AIPTLF 2025 - du 8 au 11 juillet 2025
Qualité de Vie :
Du Travail aux Autres Sphères de l'Existence
Session : Santé au Travail et Crise sanitaire
La désorganisation des activités de nettoyage à l’épreuve de la santé
PRUNIER-POULMAIRE S. 1, DEVETTER F. 2, GALEY L. 1
1 Université Paris Nanterre, Nanterre, France; 2 Université de Lille, Lille, France
En 2021, l'Agence nationale de sécurité sanitaire de l'alimentation, de l'environnement et du travail (ANSES) a initié une auto-saisine en réponse à des préoccupations croissantes concernant les risques sanitaires pour les agents du secteur du nettoyage et de la propreté en France. Pour répondre à ces inquiétudes, un groupe de travail (GT) pluridisciplinaire intitulé "Analyse des conditions de travail des agents du nettoyage et de leurs impacts sur leur santé" a été constitué. Cette communication scientifique a été construite dans le contexte de cette expertise ANSES.
Le travail des agents d’entretien est principalement réalisé par des femmes (80 %, DARES, 2019) aux conditions de travail dégradées. La connaissance de ces situations de travail pénibles est identifiée depuis les années 90 grâce à des travaux précurseurs en ergonomie (Messing et al., 1993; Calvet et al., 2012; Lefrançois, Messing, et al., 2017; Lefrançois, Saint-Charles, et al., 2017). En France, les salariées concernées par une activité de nettoyage sont proches de 2 millions (DARES, 2019). Il apparait pourtant que le travail des agents d’entretiens reste parmi les plus pénibles et précaires d’après les dernières études françaises sur les conditions de travail (DARES, 2019 et enquêtes SUMER). La pénibilité physique de ce travail commence à être documenté comme les expositions aux produits chimiques et leurs effets (Bitzas et al., 2022; W. Lee et al., 2022; Lin et al., 2022; S. Lee et al., 2024). Toutefois, les conséquences des horaires de travail sur le travail lui-même et sur la santé restent à préciser afin de comprendre les mécanismes d’atteinte à la santé.

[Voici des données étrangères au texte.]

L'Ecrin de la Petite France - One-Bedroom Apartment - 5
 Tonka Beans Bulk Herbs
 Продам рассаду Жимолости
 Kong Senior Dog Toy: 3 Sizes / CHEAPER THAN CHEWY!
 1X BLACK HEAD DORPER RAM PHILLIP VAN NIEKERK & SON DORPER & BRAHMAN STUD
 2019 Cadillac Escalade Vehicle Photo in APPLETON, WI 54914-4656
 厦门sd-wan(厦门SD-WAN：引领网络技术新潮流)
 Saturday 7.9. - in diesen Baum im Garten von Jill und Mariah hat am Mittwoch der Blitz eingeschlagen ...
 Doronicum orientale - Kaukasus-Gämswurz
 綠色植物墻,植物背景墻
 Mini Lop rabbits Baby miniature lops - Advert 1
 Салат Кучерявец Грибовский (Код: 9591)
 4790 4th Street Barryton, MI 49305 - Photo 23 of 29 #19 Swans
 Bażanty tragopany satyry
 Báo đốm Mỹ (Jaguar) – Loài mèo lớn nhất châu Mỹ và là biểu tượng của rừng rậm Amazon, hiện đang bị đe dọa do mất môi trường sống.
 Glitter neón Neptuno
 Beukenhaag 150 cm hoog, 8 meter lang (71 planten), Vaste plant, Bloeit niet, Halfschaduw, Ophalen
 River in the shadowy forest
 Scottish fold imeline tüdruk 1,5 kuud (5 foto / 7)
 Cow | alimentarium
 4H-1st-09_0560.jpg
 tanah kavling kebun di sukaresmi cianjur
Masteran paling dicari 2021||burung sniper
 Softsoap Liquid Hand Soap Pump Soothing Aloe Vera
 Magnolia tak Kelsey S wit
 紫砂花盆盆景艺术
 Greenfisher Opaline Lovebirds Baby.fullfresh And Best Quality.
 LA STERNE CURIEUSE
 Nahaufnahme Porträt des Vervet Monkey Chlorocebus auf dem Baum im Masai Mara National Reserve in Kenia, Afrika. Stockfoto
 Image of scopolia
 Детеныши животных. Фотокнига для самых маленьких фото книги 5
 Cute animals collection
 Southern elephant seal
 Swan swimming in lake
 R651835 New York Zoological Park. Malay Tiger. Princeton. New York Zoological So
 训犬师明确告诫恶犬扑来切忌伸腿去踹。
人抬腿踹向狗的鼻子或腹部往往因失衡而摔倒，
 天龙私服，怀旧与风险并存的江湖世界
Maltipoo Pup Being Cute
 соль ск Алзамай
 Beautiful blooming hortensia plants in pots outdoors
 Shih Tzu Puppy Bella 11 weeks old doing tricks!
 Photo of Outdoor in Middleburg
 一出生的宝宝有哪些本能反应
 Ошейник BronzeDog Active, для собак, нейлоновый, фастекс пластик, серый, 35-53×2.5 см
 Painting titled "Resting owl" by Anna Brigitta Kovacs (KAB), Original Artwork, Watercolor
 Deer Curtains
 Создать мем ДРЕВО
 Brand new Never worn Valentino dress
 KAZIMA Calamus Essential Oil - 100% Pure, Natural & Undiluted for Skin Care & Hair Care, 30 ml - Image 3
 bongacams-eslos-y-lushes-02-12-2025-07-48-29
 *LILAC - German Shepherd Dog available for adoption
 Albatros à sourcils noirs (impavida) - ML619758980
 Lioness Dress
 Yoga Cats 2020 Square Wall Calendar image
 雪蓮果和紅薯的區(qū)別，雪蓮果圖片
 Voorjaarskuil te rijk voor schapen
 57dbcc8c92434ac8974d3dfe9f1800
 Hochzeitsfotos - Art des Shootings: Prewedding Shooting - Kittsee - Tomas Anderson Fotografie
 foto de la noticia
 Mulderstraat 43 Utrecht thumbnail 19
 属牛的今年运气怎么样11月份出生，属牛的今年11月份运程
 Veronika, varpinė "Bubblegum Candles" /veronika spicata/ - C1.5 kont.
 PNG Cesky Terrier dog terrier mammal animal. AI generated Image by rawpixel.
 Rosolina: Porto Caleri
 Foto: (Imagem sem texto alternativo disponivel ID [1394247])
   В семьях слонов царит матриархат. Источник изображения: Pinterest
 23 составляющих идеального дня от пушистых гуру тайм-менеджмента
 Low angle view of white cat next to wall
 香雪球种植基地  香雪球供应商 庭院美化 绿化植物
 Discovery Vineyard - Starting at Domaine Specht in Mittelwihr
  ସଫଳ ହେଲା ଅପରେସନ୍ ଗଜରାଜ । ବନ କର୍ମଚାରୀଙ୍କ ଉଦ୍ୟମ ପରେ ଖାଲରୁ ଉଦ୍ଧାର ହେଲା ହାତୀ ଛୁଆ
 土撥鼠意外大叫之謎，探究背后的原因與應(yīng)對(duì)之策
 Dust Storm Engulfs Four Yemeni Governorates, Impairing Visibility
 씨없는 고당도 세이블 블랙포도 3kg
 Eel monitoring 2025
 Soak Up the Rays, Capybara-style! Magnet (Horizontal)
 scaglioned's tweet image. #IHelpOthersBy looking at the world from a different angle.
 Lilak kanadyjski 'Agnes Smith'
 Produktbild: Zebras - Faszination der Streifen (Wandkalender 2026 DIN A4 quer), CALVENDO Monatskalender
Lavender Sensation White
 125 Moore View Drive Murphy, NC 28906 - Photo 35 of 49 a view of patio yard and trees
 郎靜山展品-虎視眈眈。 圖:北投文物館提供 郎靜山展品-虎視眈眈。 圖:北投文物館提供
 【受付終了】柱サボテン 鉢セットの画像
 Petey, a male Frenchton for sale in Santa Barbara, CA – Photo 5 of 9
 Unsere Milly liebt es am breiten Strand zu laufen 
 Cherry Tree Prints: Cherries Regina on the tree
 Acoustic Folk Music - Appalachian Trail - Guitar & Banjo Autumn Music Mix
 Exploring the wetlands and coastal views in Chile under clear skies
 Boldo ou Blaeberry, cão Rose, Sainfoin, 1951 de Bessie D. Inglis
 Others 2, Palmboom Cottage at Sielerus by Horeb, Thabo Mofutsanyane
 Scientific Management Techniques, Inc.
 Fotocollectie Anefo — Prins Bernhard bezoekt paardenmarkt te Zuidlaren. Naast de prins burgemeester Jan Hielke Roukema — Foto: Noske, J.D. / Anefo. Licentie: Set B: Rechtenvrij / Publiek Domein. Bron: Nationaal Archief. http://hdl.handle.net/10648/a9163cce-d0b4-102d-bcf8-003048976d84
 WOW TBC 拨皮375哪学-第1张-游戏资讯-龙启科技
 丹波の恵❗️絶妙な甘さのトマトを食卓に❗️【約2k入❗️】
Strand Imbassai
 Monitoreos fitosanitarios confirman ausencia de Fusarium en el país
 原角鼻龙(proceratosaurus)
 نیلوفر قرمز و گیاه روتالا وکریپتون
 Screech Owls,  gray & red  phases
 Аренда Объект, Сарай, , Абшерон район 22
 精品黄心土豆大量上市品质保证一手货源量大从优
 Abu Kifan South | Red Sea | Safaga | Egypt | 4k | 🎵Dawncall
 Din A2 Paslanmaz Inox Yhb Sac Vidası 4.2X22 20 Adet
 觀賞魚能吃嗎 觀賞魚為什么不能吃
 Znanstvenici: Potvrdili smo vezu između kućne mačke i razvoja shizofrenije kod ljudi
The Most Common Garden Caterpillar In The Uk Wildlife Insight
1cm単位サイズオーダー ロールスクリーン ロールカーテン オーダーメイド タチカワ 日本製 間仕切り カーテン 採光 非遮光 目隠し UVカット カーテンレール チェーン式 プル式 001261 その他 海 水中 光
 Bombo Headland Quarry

Cette communication propose une approche originale quantitative associant ergonomie et économie afin de rendre visible ces conditions de travail pour proposer des leviers de transformation. La méthode déployée est basée sur une analyse des temps de travail quotidiens des salariés du nettoyage en France (Devetter & Valentin, 2024). Le « taux de normalité » par rapport à une journée de travail dans les horaires « normaux » entre 8h et 17h est décrit, ainsi que le « taux de densité » (Devetter & Valentin, 2024) calculé à partir de la durée moyenne de plusieurs journées de travail par rapport à la durée de la journée normale. Les données renseignées dans l’enquête conditions de travail de la DARES (2019) sont utilisées. L’enquête emploi de 2019 et la littérature scientifique permettent de décrire en complément des effets sur la santé liés à ces conditions temporelles de travail.
Il apparait que ce travail de nettoyage est principalement fragmenté, réalisé dans des horaires atypiques, par des femmes, dans des cellules parfois monoparentales, avec des relations d’emploi externalisées et avec plusieurs employeurs, entravant l’accès au droit sociaux et à un salaire décent et générant des tensions dans la vie au travail et hors travail. In fine, les conditions et le contenu de ce travail entretien une précarité des travailleuses du nettoyage. L’organisation du travail est au cœur des atteintes à la santé observées. Une transformation profonde des droits du travail apparait nécessaire. Les dernières préoccupations en lien avec la RSE des entreprises ouvrent des perspectives d’évolution.